Segment Start: The data

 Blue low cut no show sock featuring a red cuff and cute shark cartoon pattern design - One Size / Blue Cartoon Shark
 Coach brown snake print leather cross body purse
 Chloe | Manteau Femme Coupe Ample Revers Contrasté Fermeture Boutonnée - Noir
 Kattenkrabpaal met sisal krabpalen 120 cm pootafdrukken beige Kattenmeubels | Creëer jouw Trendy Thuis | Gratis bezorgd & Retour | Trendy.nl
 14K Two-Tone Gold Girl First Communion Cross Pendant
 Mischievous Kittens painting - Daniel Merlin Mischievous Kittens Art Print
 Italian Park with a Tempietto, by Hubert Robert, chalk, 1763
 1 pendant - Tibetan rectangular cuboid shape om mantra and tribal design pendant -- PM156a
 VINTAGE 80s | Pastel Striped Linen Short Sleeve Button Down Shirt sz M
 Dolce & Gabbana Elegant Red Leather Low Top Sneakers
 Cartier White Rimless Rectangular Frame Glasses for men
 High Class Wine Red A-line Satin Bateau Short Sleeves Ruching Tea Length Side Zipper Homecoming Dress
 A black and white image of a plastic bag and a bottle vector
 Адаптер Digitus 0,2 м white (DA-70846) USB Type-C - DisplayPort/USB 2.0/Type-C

Segment End: The data

* Exercise aim
Copy the data above in full, character for character.

* Response area
 Blue low cut no show sock featuring a red cuff and cute shark cartoon pattern design - One Size / Blue Cartoon Shark
 Coach brown snake print leather cross body purse
 Chloe | Manteau Femme Coupe Ample Revers Contrasté Fermeture Boutonnée - Noir
 Kattenkrabpaal met sisal krabpalen 120 cm pootafdrukken beige Kattenmeubels | Creëer jouw Trendy Thuis | Gratis bezorgd & Retour | Trendy.nl
 14K Two-Tone Gold Girl First Communion Cross Pendant
 Mischievous Kittens painting - Daniel Merlin Mischievous Kittens Art Print
 Italian Park with a Tempietto, by Hubert Robert, chalk, 1763
 1 pendant - Tibetan rectangular cuboid shape om mantra and tribal design pendant -- PM156a
 VINTAGE 80s | Pastel Striped Linen Short Sleeve Button Down Shirt sz M
 Dolce & Gabbana Elegant Red Leather Low Top Sneakers
 Cartier White Rimless Rectangular Frame Glasses for men
 High Class Wine Red A-line Satin Bateau Short Sleeves Ruching Tea Length Side Zipper Homecoming Dress
 A black and white image of a plastic bag and a bottle vector
 Адаптер Digitus 0,2 м white (DA-70846) USB Type-C - DisplayPort/USB 2.0/Type-C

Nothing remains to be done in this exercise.